At the same moment we bowed our heads in prayer with Reverend Moore, one hundred tuxedoed waiters from Atlanta were over on Lynnwood Drive, popping corks from cases of Verve Cliquot and arranging seafood and sushi on a sprawling bed of crushed ice. Silver platters were being filled with delicious finger food and a fifteen piece band with a horn section was going through a sound check. There would be a tasting bar for Mother's favorite bourbons and many pounds of Maurice Bessinger's barbecue would be hot and waiting in silver buffet dishes to be dolloped on tiny hamburger buns. No, in my head I could see the hustle and bustle of preparations. Trip and Frances Mae had absolutely done everything they could to give Miss Lavinia the send-off of the century. For once, I didn't have anything ugly to say about Frances Mae.
Millie and I had planned a more toned down and traditional reception for tomorrow afternoon, after we spread Mother's ashes. But, it too would be lovely. All these plans were spelled out in Miss Lavinia's final wishes. We had done our best to comply.
The prayer service ended and people began milling around again, offering condolences to us. Many of them were misty; Mother's best friends had wept openly, holding on to each other. They broke my heart all over again. I had known them all my life and to see them so upset was just awful.
I got up and walked over to Mother's casket. I was out of tears for the moment. Besides, Mother would have wanted me to keep my wits about me at her wake. Reconciling finding Mother's heart and then losing her so quickly was going to be my ultimate challenge. I prayed she would haunt me forever. Just because she was dead, she had no right to desert me.
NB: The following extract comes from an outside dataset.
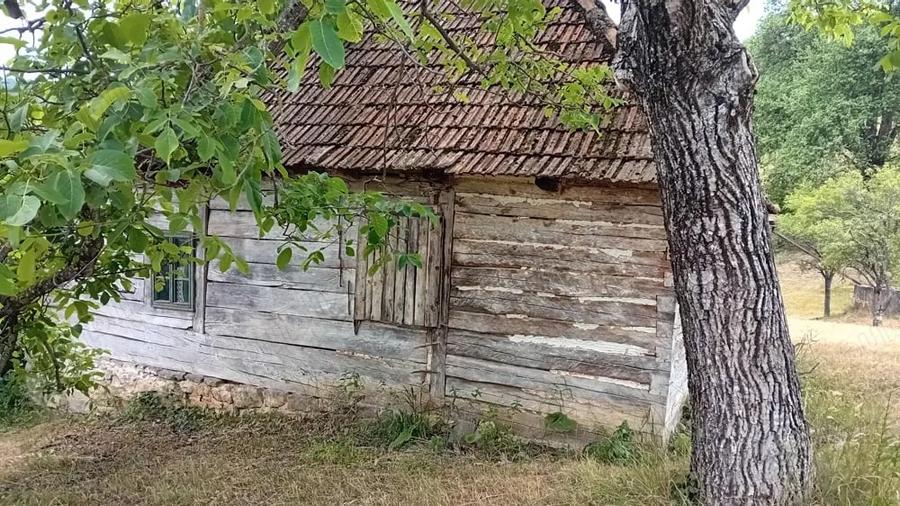 Casă cu 2 camere cu Teren 13420 Mp în Central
I looked down at her in her casket and thought about how peaceful she looked. I was going to need her grit and wisdom to survive, every ounce of it. I wasn't even one third the women she was in her weakest moment. I had been a coward for far too long, hiding my emotions behind my Manhattan wardrobe of all black. I brushed back a lock of her hair, thinking how I loved her so desperately and how many years I had wasted mired in anger and resentment. Trip appeared at my side.
"You okay, Caroline?" His eyes were moist.
"Yeah, I'm fine. Lavinia would have loved this, don't you think?"